American screenwriter

Joel Oliansky (October 11, 1935 – July 29, 2002) an Emmy-winning director and screenwriter, was best known for the screenplay of Bird (the 1988 biographic film about Charlie Parker), as well as writing and directing episodes of TV series including The Law, and Kojak.

==Early life==
Oliansky was born in Brooklyn, New York and attended Hofstra University, graduating in 1959. In his last year, he wrote the book for the Hofstra University Kaleidoscopians' musical Inertia which featured music by Steve Lawrence, lyrics by Francis Ford Coppola and starred fellow-student Lainie Kazan; a drama scholarship at Hofstra is named in his memory. He pursued a master's degree at Yale, during which course his 1962 play Here Comes Santa Claus was written and produced. He remained as playwright-in-residence at Yale until 1964, and directed two of the four plays comprising the initial season of the Hartford Stage Company, as well. During this period he also wrote Shame, Shame On the Johnson Boys (published in 1966), a humorous novel about the folk-singing scene.

==Hollywood==
Late in 1964, at the urging of fellow Hofstra alumnus Coppola he moved to California to work as a screenwriter at Seven Arts. Although early in his L.A. stay he was largely involved in finishing his novel, he was able to establish industry connections. By 1967 he was being credited as a writer and director for the Daniel Boone TV series. He also wrote screenplays for films, including 1968's Counterpoint and The Todd Killings in 1971. He continued to work in both film and television, directing the 1990 TV movie In Defense of a Married Man, and writing his final work in 1996, the poorly-received: Abducted: A Father's Love.

==Recognition==
In 1971, Oliansky won the Emmy Award for Outstanding Writing Achievement in Drama, won the Writers Guild Award (Long Form: Multi-part) for the 1981 series Masada, and was nominated for these awards several other times.
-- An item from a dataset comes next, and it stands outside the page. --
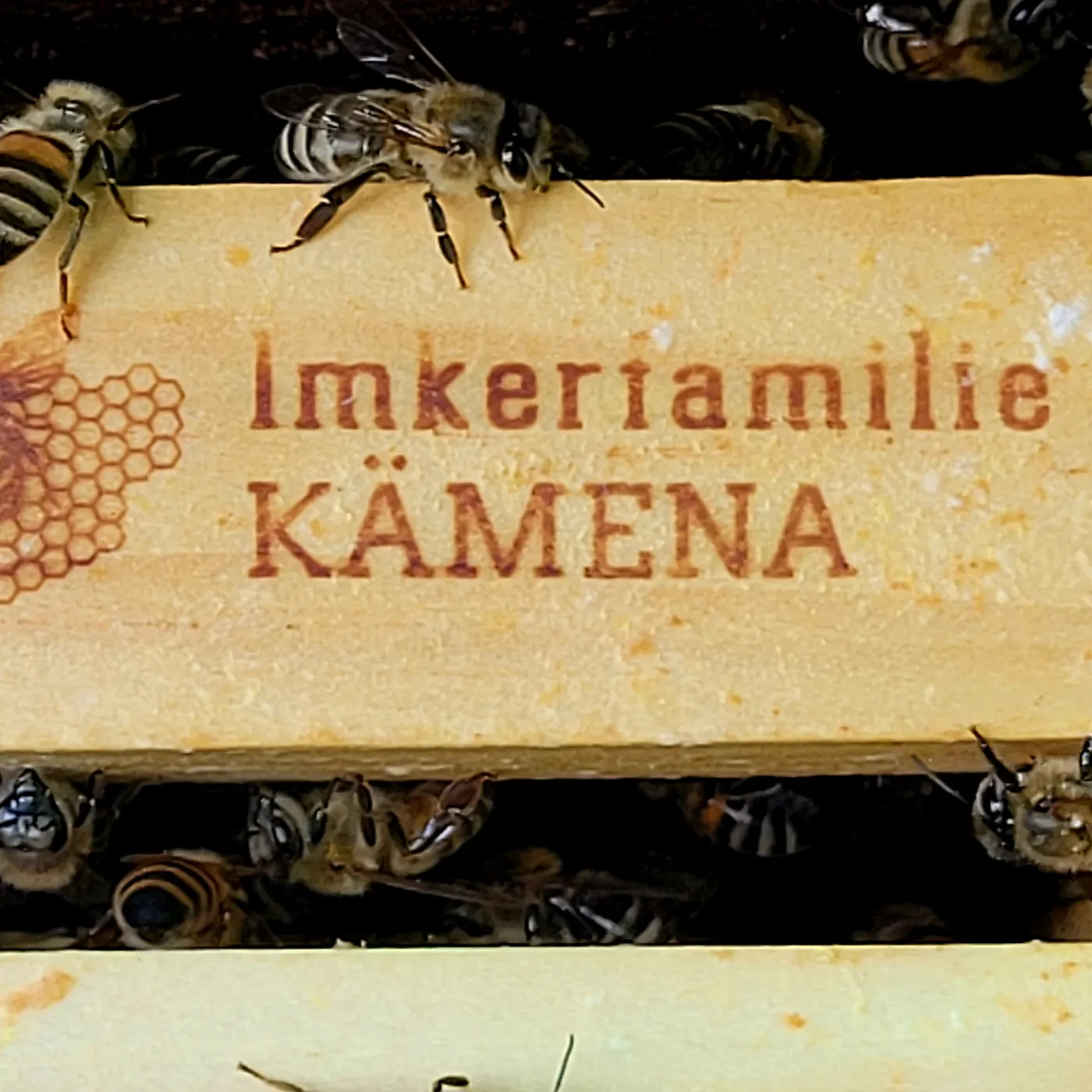 Imkerprodukte – Bild 1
He wrote and directed the Oscar-nominated 1980 film The Competition, and wrote the screenplay for Bird which was directed by Clint Eastwood and won an Oscar, and a Golden Globe.

==Personal life==
He married Patricia Godfrey the year after graduating from Hofstra; they were later divorced. He died from complications of Guillain–Barré syndrome, leaving two adult children. He is buried in the Hollywood Forever Cemetery.